P_1(H) = 0.2 (Just a guess, it'll wash after about 3 tests.)
P(D|H) = 0.8 (Are you sure they have it together enough to pay you?)
P(D|H') = 0.05 (5% of the names, salaries, etc., evaluate to float?)
Lets model failures since the companies you work with have bad typists.
We have to reverse the probabilities for this:
Pf_1(H) = 0.2 (Only if this is round 1.)
Pf(D|H) = 0.2 (We *guess* a 20% chance by random any column is Int.)
Pf(D|H') = 0.80 (80% of Ints fail because of carpel tunnel, ennui, etc.)
You might take issue with Pf(D|H) = 0.2. I encourage you to try a range
of values here to see what the posteriors look like.
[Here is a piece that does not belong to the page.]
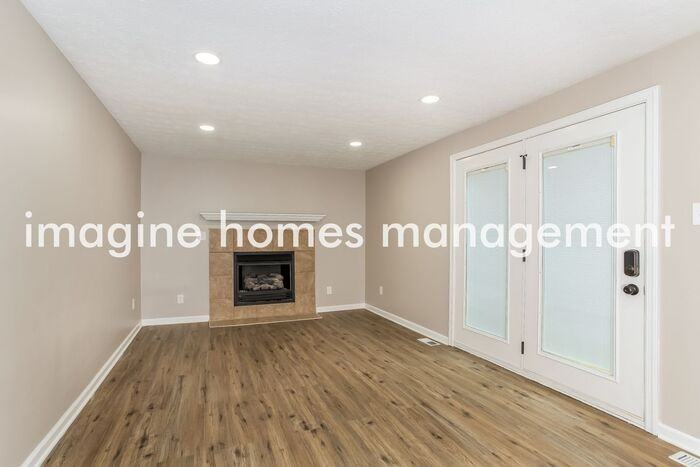 781 Laverty Ln - Photo 5 of 16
You'll find that
this is not as important as the *low false positive rate*.
For example, lets not stop until we are 99.9% sure one way or the other.
With this cutoff, lets suppose this deplorable display of typing integers:
pass-fail-fail-pass-pass-pass
which might be expected from the above very pessimistic priors (maybe
you got data from the _Apathy_Coalition_ or the _Bad_Typists_Union_ or
the _Put_a_Quote_Around_Every_5th_Integer_League_):
P_1(H|D) = 0.800 (pass)
P_2(H|D) = 0.500 (fail)
P_3(H|D) = 0.200 (fail--don't stop, not 99.9% sure)
P_4(H|D) = 0.800 (pass)
P_6(H|D) = 0.9846153 (pass--not there yet)
P_7(H|D) = 0.9990243 (pass--got it!)
Now this is with 5% all salaries, names of people, addresses, favorite
colors, etc., evaluating to integers. (Pausing while I remember fondly
Uncle 41572--such a nice guy...funny name, though.)
There is also the problem of first-time-participating organisations --
in police parlance, they have no priors
Yes, because they teleported from Alpha Centauri where organizations are
fundamentally different from here on Earth and we can not make any
reasonable assumptions about them--like that they will indeed cough up
money when the time comes or that they speak a dialect of an earth
language or that they even generate spreadsheets for us to parse.
James